2 Machine Learning Project Workflow
What are the main phases of a ML Project?
- Frame problem
- Get data
- Gain insights
- Prepare data
- Choose models
- Fine-tune and combine models
- Present solutions
- Launch, monitor and maintain system
Remember: For all tasks, automate as much as possible
2.1 Frame problem
- Objective and current solutions?
- New solutions: how to use
- Depend on type of problems: possible models, performance measuring
- Minimum needed performance
- Comparable problems -> Can reuse experiment, tools?
- List and verify assumptions (if available)
2.2 Get data
- List data: where to get, how much (features, instances), storage space
- Get and convert data if necessary
- Anonymize sensitive information
- Recheck data
2.3 Gain Insights
- Create a copy of the data for exploration (sampling it down to a manageable size if necessary).
- Create a notebook to keep a record of data exploration.
- Study each attribute and its characteristics:
- Name
- Type (categorical, int/float, bounded/unbounded, text, structured, etc.)
- % of missing values
- Noisiness and type of noise (stochastic, outliers, rounding errors, etc.)
- Usefulness for the task
- Type of distribution (Gaussian, uniform, logarithmic, etc.)
- For supervised learning tasks, identify the target attribute(s).
- Visualize the data.
- Study the correlations/mututal information
- Identify the promising transformations/feature engineering
- Identify extra data that would be useful.

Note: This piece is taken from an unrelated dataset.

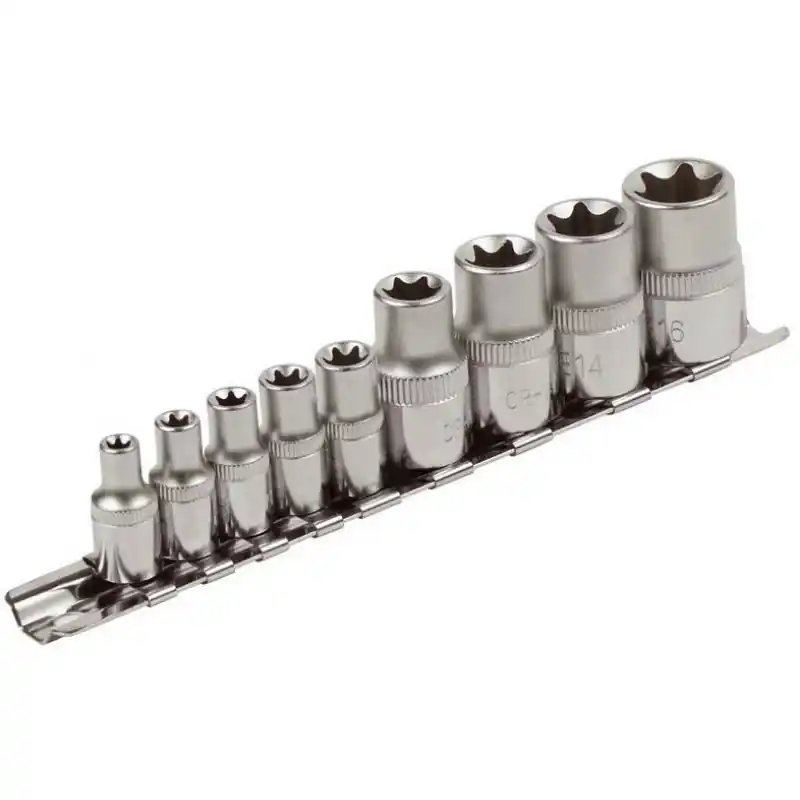 Rabatt Extol Premium Innensteckschlüssel TORX, Set 9 Stück, 8818114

- Document what we have learned.
2.4 Prepare data
- Work on copies of the data (keep the original dataset intact).
- Write functions for all data transformations we apply, for 3 reasons:
— Easily prepare the data the next time we get a fresh dataset
— Easily to apply transformations for test set/new instances once solution is live
— Treat preparation choices as hyperparameters
- Clean the data
- Fix or remove outliers (optional).
- Fill in missing values (e.g., with zero, mean, median…) or drop their rows (or columns).
- Perform feature selection (optional)
- Drop the attributes that provide no useful information for the task.

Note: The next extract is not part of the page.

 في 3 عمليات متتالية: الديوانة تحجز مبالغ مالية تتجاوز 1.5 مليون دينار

- Perform feature engineering, where appropriate
- Discretize continuous features.
- Decompose features (e.g., categorical, date/time, etc.).
- Add promising transformations of features (e.g., log(x), sqrt(x), x2, etc.).

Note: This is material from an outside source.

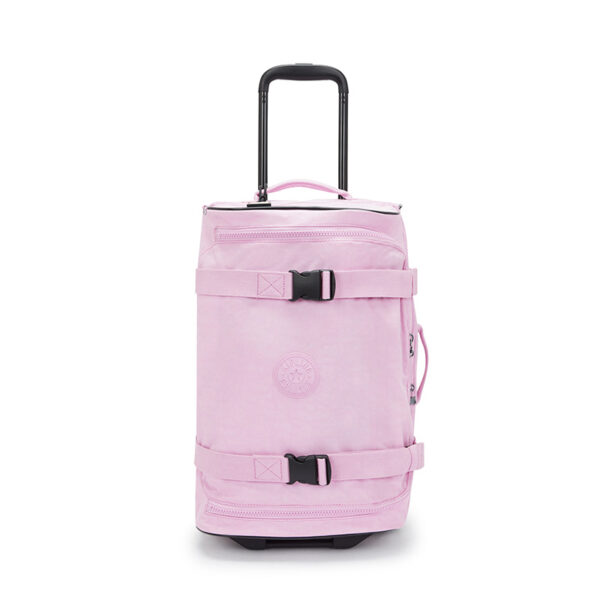 Kipling Aviana S Carry On Blooming Pink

- Aggregate features into promising new features.
- Perform feature scaling
- Standardize or normalize features.
2.5 Choose models
If the data is very large, it might be better to sample smaller training set to train many different models in a reasonable time, but this will affect performance of complex models such as Random Forest, Neural Networks, etc.
- Train many quick-and-dirty models from different categories (e.g., Linear, Naive Bayes, SVM, Random Forest, Neural Networks, etc.) using standard parameters.
- Measure and compare their performance: For each model, use N-fold cross-validation and compute the mean and standard deviation of the performance measures.
- Analyze the most significant variables for each algorithm.
- Analyze the types of errors the models make: What data would a human have used to avoid these errors?
- Perform a quick round of feature selection and engineering.
- Perform one or two more quick iterations of the five previous steps.
- Shortlist the top three to five most promising models, preferring models that make different types of errors.
2.6 Fine-tune and combine models
- Implementing on full training set.
- Don’t tweak the model after measuring the generalization error: it would just start overfitting the test set.
- Fine-tune the hyperparameters using cross-validation:
- Treat data transformation choices as hyperparameters, especially when we are not sure about them (e.g., if we are not sure whether to replace missing values with zeros or with the median value, or to just drop the rows).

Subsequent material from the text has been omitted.